The shooting of black people by the police has been happening for as long as America has existed. But this cycle—the graphic videos, the celebrity social media posts, the GoFundMe campaigns, the essays, the thinkpieces, and then the wait to do it all again—it’s fully visible. We ache and we yell and we hope that, eventually, the obvious weight of all this pain will be enough to move something to change. But at times hoping in public feels even more precarious. We cannot appeal to a national conscience when, as Stokely Carmichael reminded us, there is none.
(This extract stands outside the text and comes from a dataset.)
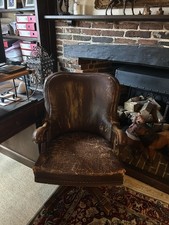 Vintage brown leather chair ‘upholsters dream’!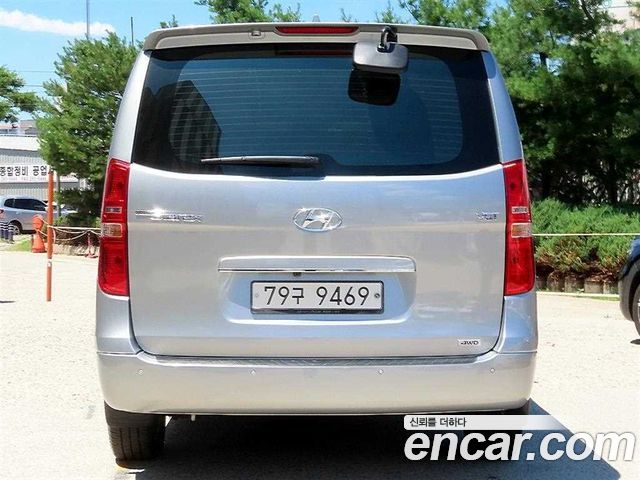 Hyundai Grand Starex 4WD Wagon 12-Seater Modern 2020 — фото 4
Slavery in the United States lasted about 240 years. The lynching era lasted for 70 more. And now, in 2016, black people are living through a second struggle for our civil rights: we’re asking for independent investigations, body cameras, more rigorous police training, and a minimum affordance of personhood. We’re asking for something very simple that sometimes feels impossible: for the nation to be compassionate, for the nation to recognize our humanity.
Every time another black person dies at the hands of police, it feels like we’re slamming into a wall. The state and white supremacy have perfectly crafted yet another tactic to keep us scared and compliant. As with lynching, it’s less about the total loss of life—though the numbers are horrific—and more about the constant state of fear it breeds, audible and visible in the way Philando Castile’s girlfriend refers to the officer who just shot her boyfriend as “sir.”
I can continue to vote and go to protests and sign petitions and donate money and get in arguments with racist white people. And I can write. I can write again and again for as long as the this nation piles up black bodies. But when you’ve just watched a man bleed to death after a routine traffic stop while a child sits in the back seat, it sure as hell doesn’t feel like much.